OAN’s Abril Elfi
11:23 AM – Tuesday, August 8, 2023
Los Angeles city workers have gone on a one-day strike alleging unfair labor practices and the city’s unwillingness to negotiate with them.
On Tuesday, over 11,000 city employees who are represented by Service Employees International Union (SEIU) Local 721, proclaimed that they were protesting their unjust working conditions, which included staffing shortages in city agencies that require overtime work.
The thousands of employees included sanitation workers, heavy-duty mechanics, engineers, custodians, and lifeguards, among many other workers.
SEIU Local 721 Executive Board Member Dion Cornelious, who also works as a bus operator, spoke to reporters from the press.

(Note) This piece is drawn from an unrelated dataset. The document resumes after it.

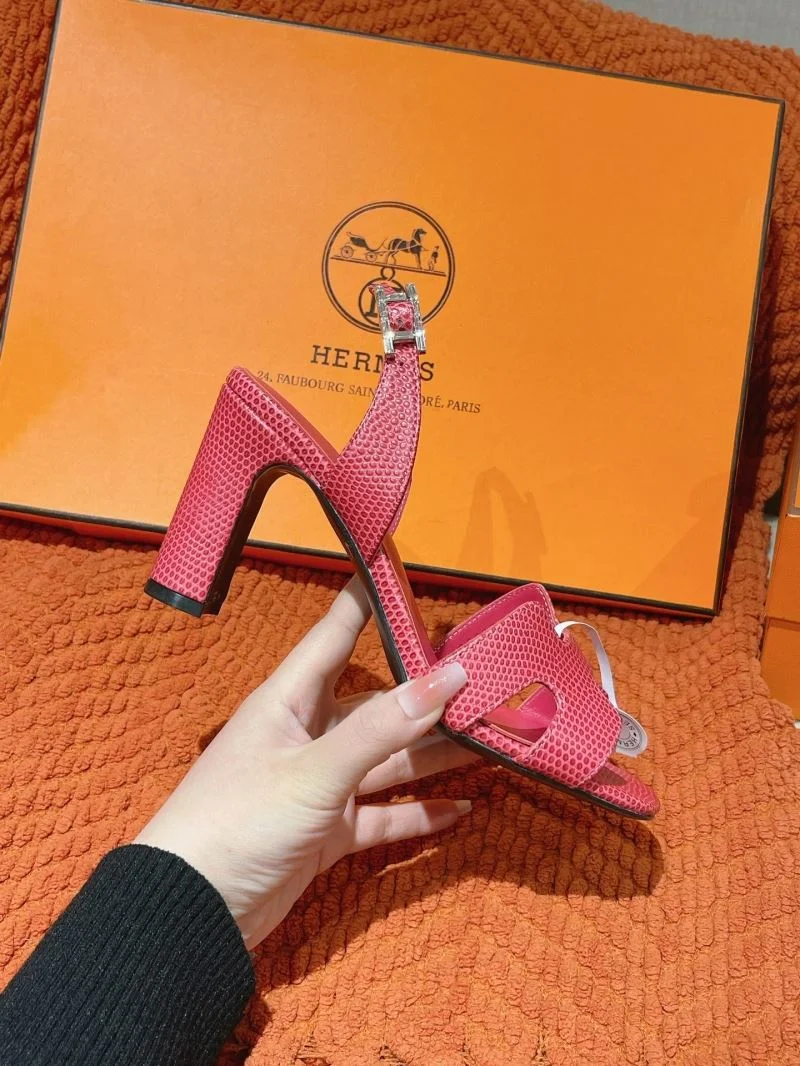 Timeless Hermes Sandals 27589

“We’re being very overworked, we’re understaffed, the city has disrespected us and we’re tired of it. If they continue to disrespect us, we’re gonna shut it down,” said Cornelious.
The strike began on Tuesday at 4 a.m. PST and is expected to last a full 24-hours.

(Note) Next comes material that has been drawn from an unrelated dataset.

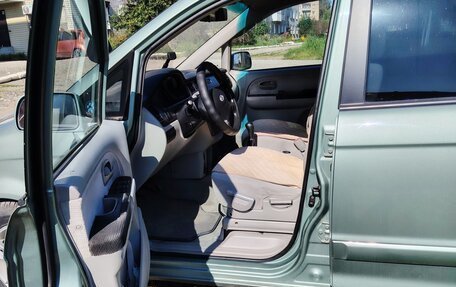 Hyundai Trajet I рестайлинг, 2006 год, 850 000 рублей, 8 фотография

Workers began their protest at the Los Angeles International Airport and are reportedly leading towards Los Angeles City Hall later today. According to the insider sources, at least four ships from the Port of Los Angeles were delayed due to the strike.

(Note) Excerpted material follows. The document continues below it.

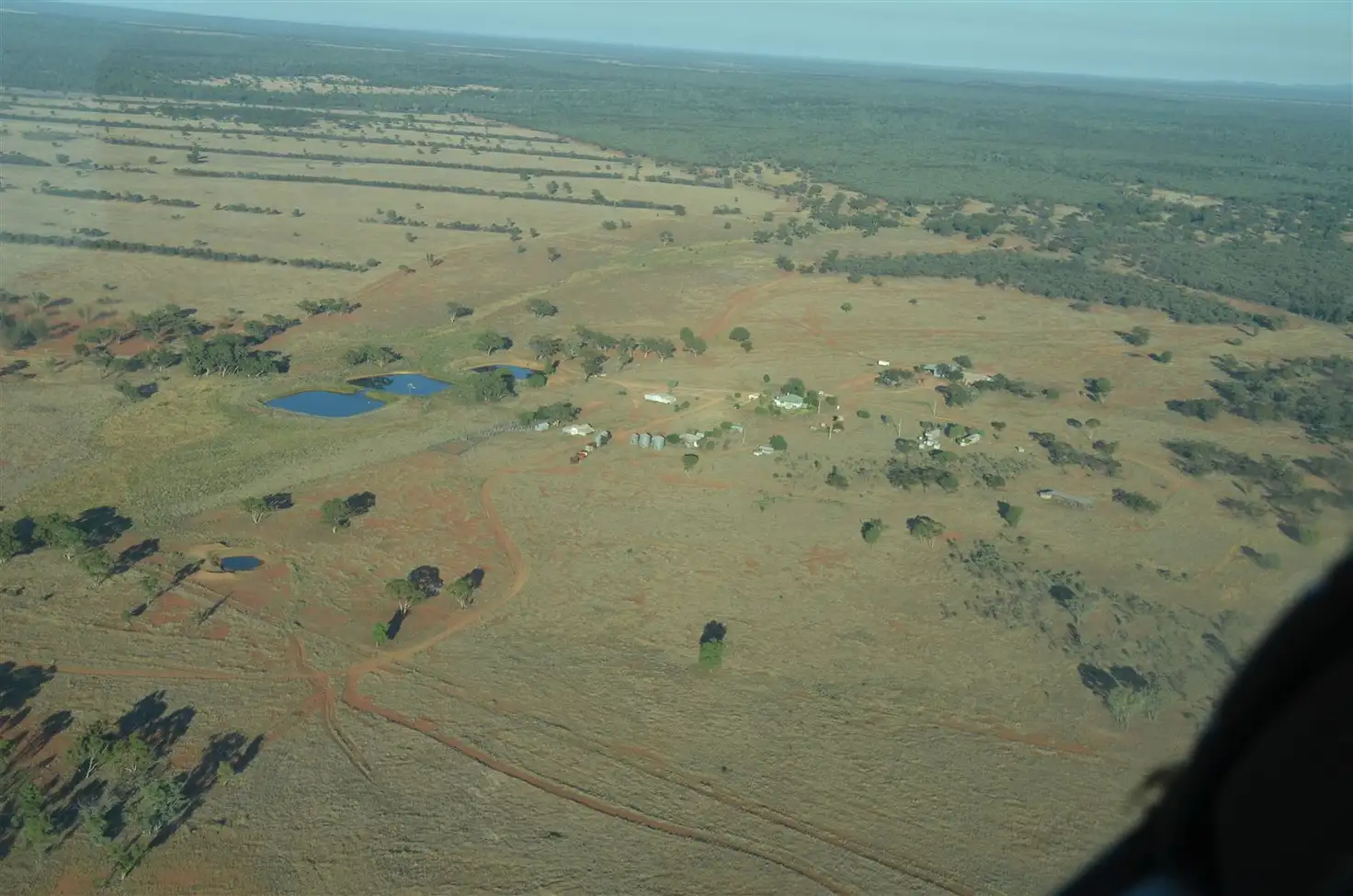 Main view of Homely rural property listing, Kopyje Station Rosevale Road, Cobar NSW 2835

“Cargo vessels scheduled for entry or departure on Tuesday are being delayed one day due to the job action. The Port looks forward to the return of a full work force on Wednesday,” a port official said in a statement.
Union Officials have reported that SEIU Local 721 had reached an agreement with the government in December, when the city pledged to consider union proposals in separate negotiation sessions.
Nonetheless, city officials are reported to have merged these negotiations with workers for the union’s future contract, which prompted them to file a complaint about unfair labor practices.
The one-day strike is anticipated to have an impact on a number of services, including trash pickup, public swimming pools, animal shelters, traffic and parking enforcement, and large event services.
The 3-1-1 call center will be available to answer questions, however, wait times may be longer than usual.
It is also reported that two unions in San Jose City with nearly 4,500 employees are planning a three-day strike in the week of August 14th.